These are for the people who LOVE a lot of gooey frosting


My mom has always had a long-standing obsession with cinnamon rolls, with her go-to being Cinnabon. The more frosting the better. And it HAS to be ooey gooey. If we go somewhere and the cinnamon roll looks dry or just has a drizzle of frosting, she moves on. I've made cinnamon rolls a couple of time before and they weren't good.


Then I found Sally's Baking Addiction. And my addiction to her recipes started. So yes, apologies in advance for the many Sally posts I will have. But it's with good reason.


Yes, this recipe has a lot of butter.


My only possible modification? And this is only because my family loves a lot of filling: Make the filling 1 1/2 times and really coat those rolls all over! Maybe some on the bottom of the pan :)



 

Big Giant Cinnamon Rolls

Yield: Approx 8 rolls

Beware - this is time consuming. You need at least 5 hours to dedicate to it



Ingredients:

Dough

  • 1 cup (240ml) buttermilk

  • 2/3 cup (135g) granulated sugar

  • 1 and 1/2 tablespoons (14g) active dry yeast (2 standard size packets)

  • 1/2 cup (115g) unsalted butter, softened to room temperature and cut into 4 pieces

  • 2 large eggs, at room temperature

  • 1/2 teaspoon salt

  • 4 and 1/2 cups (558g) all-purpose flour (spoon & leveled), plus more for dusting/rolling

Filling

  • 6 Tablespoons (90g) unsalted butter, softened to room temperature

  • 1/2 cup (100g) granulated sugar

  • 1 and 1/2 Tablespoons ground cinnamon

Cream Cheese Frosting

  • 2 ounces (about 1/4 cup or 56g) full-fat cream cheese, softened to room temperature

  • 2 Tablespoons (28g) unsalted butter, softened to room temperature

  • 1 and 1/4 cups (150g) confectioners’ sugar

  • 1/2 teaspoon pure vanilla extract


Instructions


  1. Make the dough: In a small saucepan, warm the milk over low heat until lukewarm– no need to use a thermometer, but to be precise: about 95°F (35°C). Pour the warm milk into the bowl of a stand electric mixer fitted with the dough hook attachment (OR you can use a handheld mixer OR no mixer, but a stand mixer is ideal). With a spoon, manually stir in the sugar and yeast. Cover with a towel and let sit until the yeast is foamy, about 5-10 minutes. This is called proofing your yeast. If the yeast does not dissolve and foam, start over with fresh active yeast. On low speed, beat in the softened butter until it is slightly broken up.

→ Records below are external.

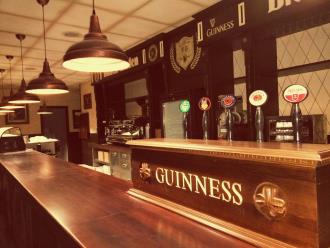 Barra de la franquicia Bratember Bierhaus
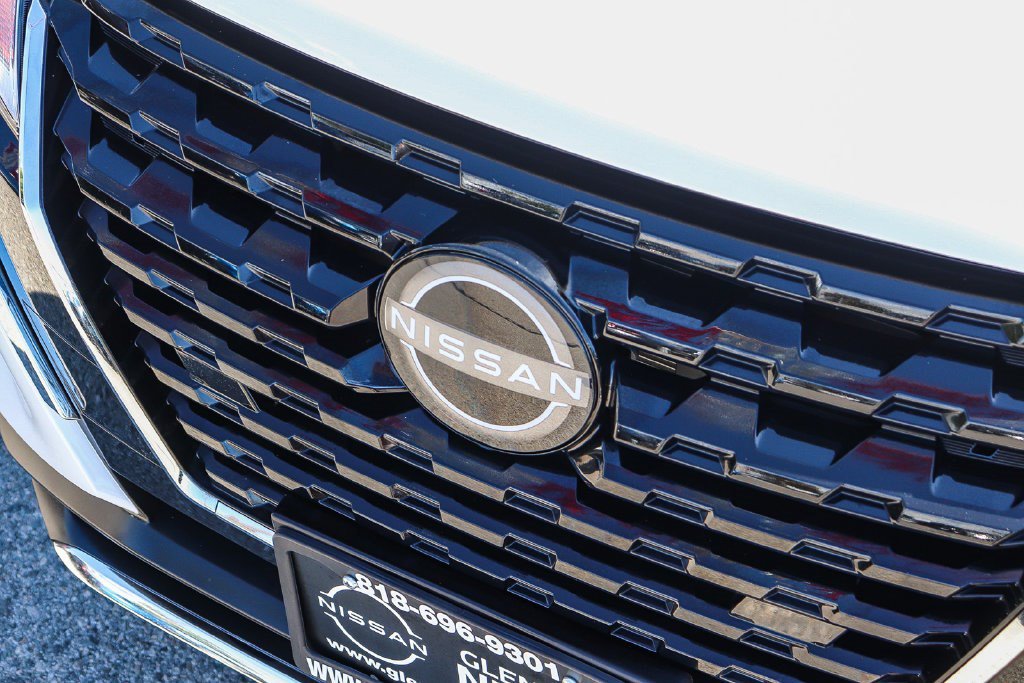 Certified 2025 Nissan Kicks Play S FWD image 5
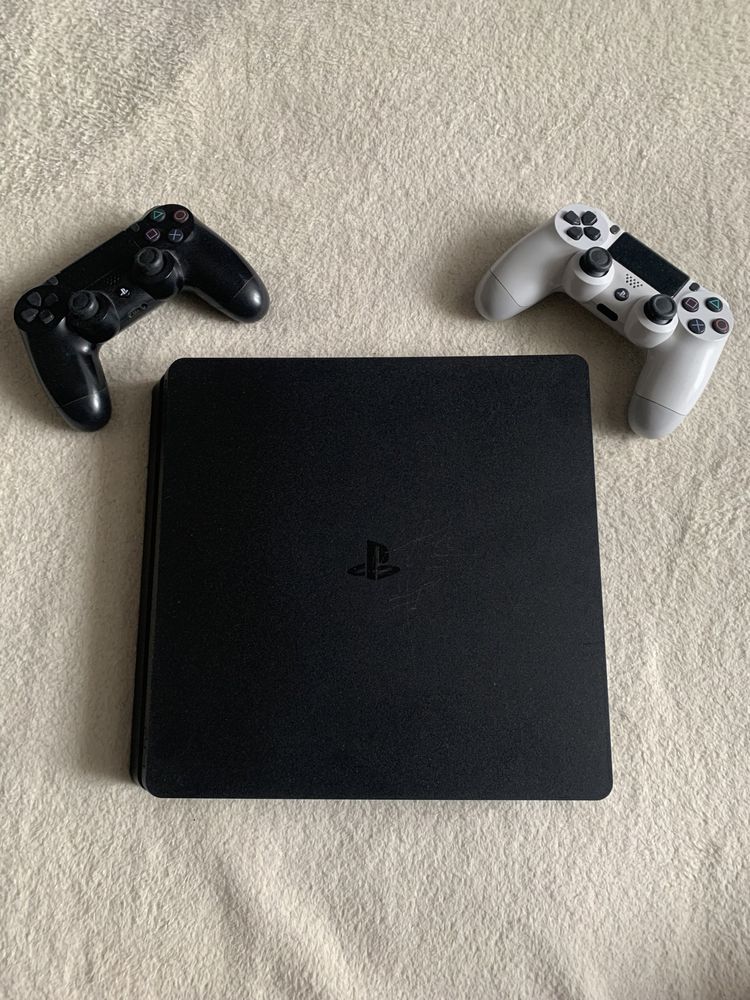 Playstation 4 slim (ps4 slim) в хорошем состоянии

Next add the eggs, one at a time, and then the salt. The butter won’t really be mixing into the mixture, so don’t be alarmed if it stays in pieces. On low speed, gradually add the flour. Once it is all added, beat on medium speed until a soft dough forms. Increase speed to medium-high and beat until the dough is soft and supple, about 6 minutes longer. *If you do not have a stand-mixer with a hook attachment, knead the dough by hand in this step.

  2. Transfer the dough to a lightly floured surface and knead it with your hands for 1 minute. Form the dough into a ball and transfer it to a lightly greased bowl. Cover the dough loosely with plastic wrap, a paper towel, or aluminum foil and let sit in a warm place until doubled in size, about 1.5 – 2 hours. Here’s what I do: turn the oven on to 250°F (121°C). Turn the oven off. Stick the covered dough inside the oven and allow it to rise in this warm environment.

  3. Butter/grease/spray with nonstick spray the bottom of a 9×13 inch baking dish, then line with parchment paper. Turn the dough out onto a lightly floured work surface and, using a rolling pin, roll into a 10×16 inch rectangle. Make sure the dough is smooth and evenly thick, even at the corners.

  4. For the filling: Spread the softened butter all over the dough. In a small bowl, toss the cinnamon and sugar together until combined and then sprinkle evenly over the dough. Tightly roll up the dough to form a 16 inch long log. If some filling spills out, that’s ok just sprinkle it on top of the rolls. Cut into 8 large rolls (about 2 inches in width each). Arrange them in the prepared baking pan. Cover the rolls very tightly with aluminum foil or plastic wrap (no rolls exposed, this dries out your dough!) and allow to rise until the rolls are doubled in size, about 2 hours. OR stick in the refrigerator for 8-12 hours.

  5. If the rolls rose overnight in the fridge, remove rolls from the refrigerator and let rise in a warm place just as you did in step 2 until they are puffy, about 1-2 hours. Mine usually take 1 and 1/2 hours.

  6. After the rolls have risen, preheat the oven to 375°F (191°C). Bake for about 25 minutes, until they are golden brown. About halfway through the bake time, I like to cover the rolls loosely with aluminum foil so the tops don’t brown too much. Remove pan from the oven and allow to cool on a wire rack for about 10 minutes as you make the frosting.

  7. Make the frosting: In a medium bowl using a handheld or stand mixer fitted with a paddle or whisk attachment, beat the cream cheese and butter together on high speed until smooth and creamy. Add the confectioners’ sugar and vanilla. Beat on low speed for 30 seconds, then switch to high speed and beat for 2 minutes. Using a knife, spread the frosting over the warm rolls and serve immediately. Cover leftover frosted or unfrosted rolls tightly and store at room temperature for 3 days or refrigerator for 5 days.